Not only had a way of life vanished with the dissolution of the community, but inflation was putting a severe crimp in John's way of living. The company for which he worked had taken very little notice of his first degree and none whatsoever of his second. The president of the company had told him to be patient that he had something in mind for him; but for four more years had not broached the subject again. How patient is one supposed to be? But thanks to friends (one in particular), word had spread that, perhaps, John had outgrown his position and would be receptive to new opportunities. Thus it was that two months after we had finished school, a call came at noon one day inviting John to fly far away to interview for a new venture. On March 31, the family picked up their pastor in Delhi and traveled to the airport in Monroe. Brother Clarke was leaving for a convention as John headed west to Dallas to catch a plane to Omaha. Rita and the kids drove on to Texas in the Fairlane after depositing the men at Selman Field.

A private plane met John at Omaha and carried him over to the Sandhills, where he met friendly, hard-working people with whom he felt comfortable and readily compatible. Long years of struggle seemed to be worth while at last. Before leaving home, Rita (coldly calculating only when the occasion demands) had assessed their situation and told John not to accept an offer below a certain amount. Miraculously, the salary offered matched Rita's figure exactly. Money was very secondary to John, however; but he was impressed with the consideration which his prospective employer showed towards employees as people, and not just another factor of production. After agreeing to meet in Raleigh, North Carolina the following weekend to investigate the proposed venture, John retraced his route as far as Dallas.

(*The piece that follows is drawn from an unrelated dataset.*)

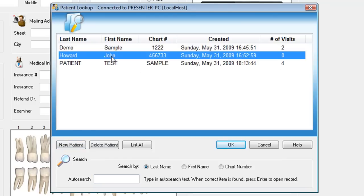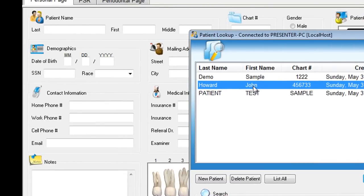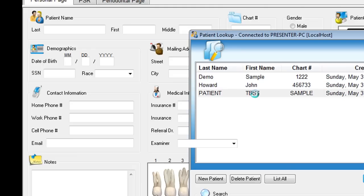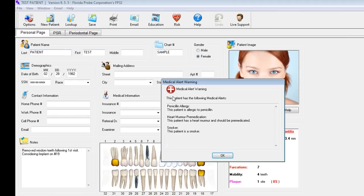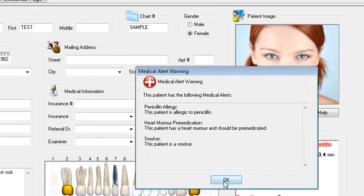You can see here that John was entered earlier today because he'll be coming in later and has no visits now, but it allows us to go ahead and mark personal information as well as missing teeth to save time. The test patient we'll be looking at next has four visits and has come in today. It pops up a medical alert warning — this particular patient has an allergic reaction to penicillin, needs to be premedicated due to a heart murmur, and is a smoker.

Rita and the kids had spent the night with her sister in Texas, and were anxiously awaiting John when he stepped off the 727 at Love Field. They were thrilled at the news of the successful interview, but just a little apprehensive when they learned that Rita would be going with her husband the very next weekend to decide whether to accept the new challenge. No one knew at that happy reunion just what a real challenge lay in store.

The following weekend Rita and John left the Fairlane in the parking lot at Jackson, Mississippi, while they flew to a very cold rendezvous in North Carolina. That state was in the grip of a late freeze, in stark contrast to a warm Louisiana where the giant oak trees at Tendal were in full leaf and the grass had already been mowed more than once. Rita had not dressed for the low temperatures, but was charming nevertheless as they dined sumptuously at the invitation of their prospective boss that bitterly cold Friday night.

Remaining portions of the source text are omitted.